◆ Task brief
Make an exact copy of the records below, leaving every image out.

------------------------------

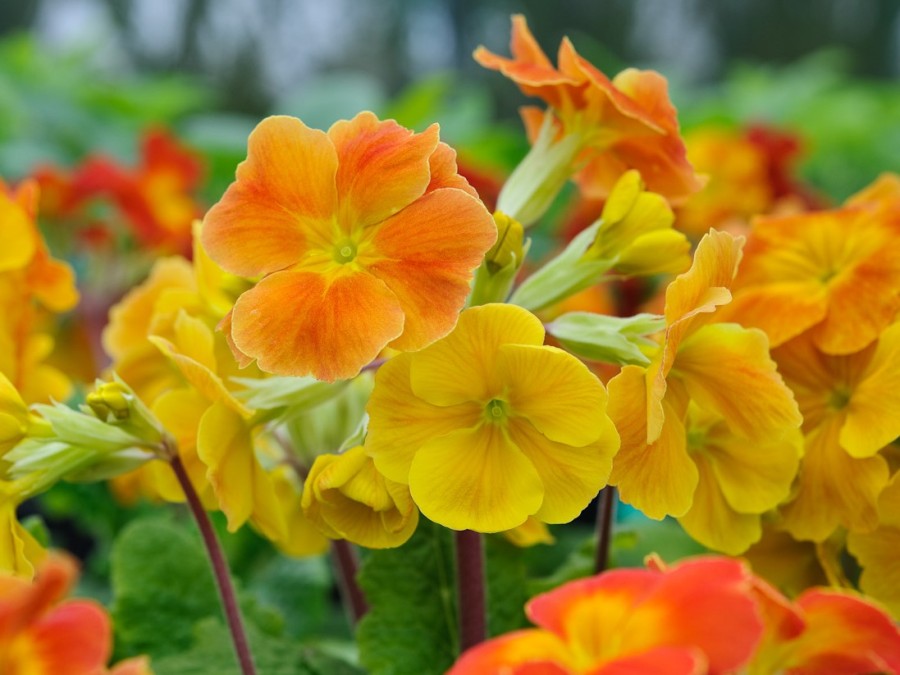 Primula polyanthus 'Tango'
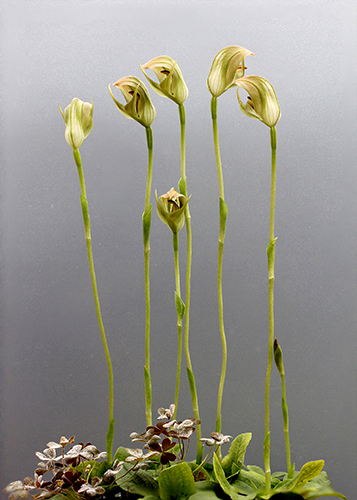 Pterostylis curta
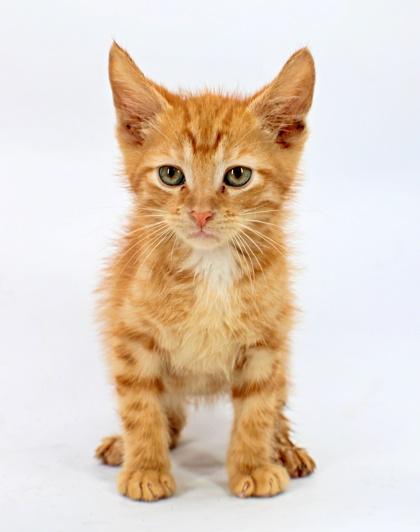 Frodo, Adoptable, Kitten Male Domestic Short Hair & Domestic Short Hair.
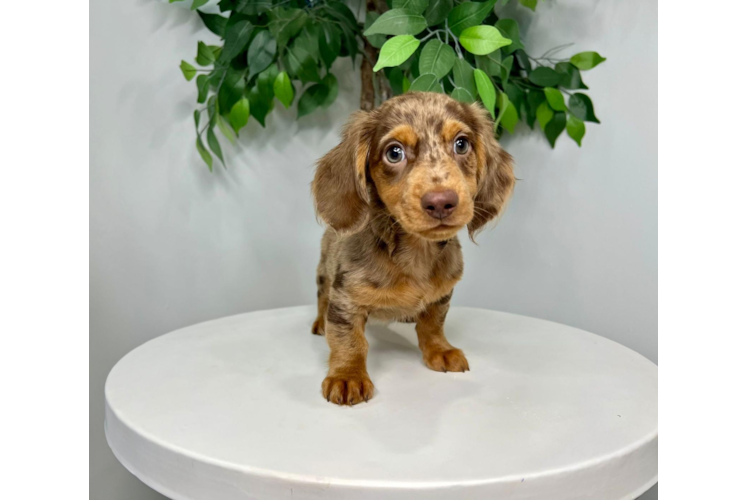 Dachshund Pup Being Cute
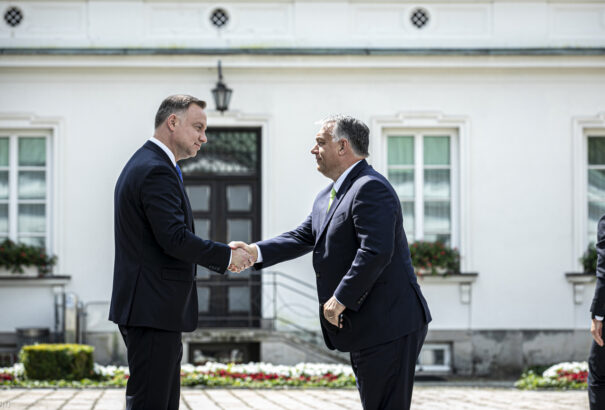 Magyarok, lengyelek, kontra Európa sírásói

------------------------------

◆ Answer box
 Primula polyanthus 'Tango'
 Pterostylis curta
 Frodo, Adoptable, Kitten Male Domestic Short Hair & Domestic Short Hair.
 Dachshund Pup Being Cute
 Magyarok, lengyelek, kontra Európa sírásói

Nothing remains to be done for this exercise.